Retail

Inside out: how to enjoy alfresco living in style this summer


Thoughts of summer have come early this year: with lockdown restrictions easing and groups of six allowed into private gardens, entertaining will soon be moving outside and people are already excitedly upgrading their gardens in anticipation of once again hosting friends and family.

New and more elaborate barbecues, fire pits, outdoor kitchens, rugs and patio tiles have all seen an increase in sales.

At John Lewis, barbecue sales are up by 8% on the first half of last year, while there has been a 90% rise in demand for outdoor pizza ovens.

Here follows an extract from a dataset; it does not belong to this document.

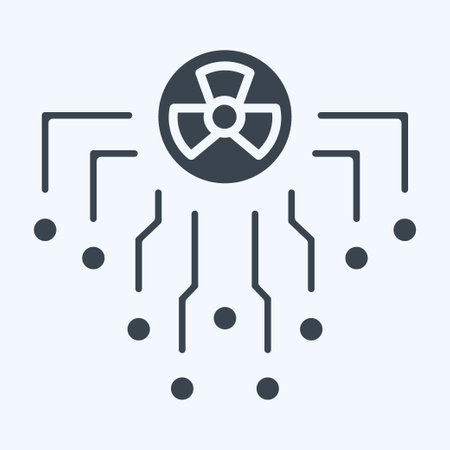 Icon Radiation. related to Nuclear symbol. glyph style. simple design editable. simple illustrationのイラスト素材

B&Q says sales of outdoor rugs are up almost fivefold and there has also been increased demand for tiles for the patio and fairy lights. Auction site eBay has also seen increased interest in fire pits, fairy lights and outdoor heaters.

“People are going back to work but they are going back intermittently, one or two days a week, and, for the most part, staying in their gardens to entertain,” says Jonathan de Mello, analyst at CWM Retail Consulting. “Any chance people get, they are out.”

It’s possible to spend £2,000 on a barbecue – but the good news is that there is something for most budgets.

Barbecue choice

Once, buying a barbecue was a choice of charcoal or gas. Then came the era of ceramic grills such as the Big Green Egg, which can hold heat for 20 hours at a consistent temperature, but which also comes with a hefty price tag of almost £1,200 for the classic version.

The latest arrival is the wood pellet grill, which uses ground wood pellets to heat itself. Richard Holden, a chef who specialises in barbecue cooking, says the grills are easy to light and can maintain temperature with a dial (the temperature on charcoal and ceramic systems is set by adjusting air flow using vents). They are a “plug and play” alternative and start at about £750, comparable to a quality entry-level gas model.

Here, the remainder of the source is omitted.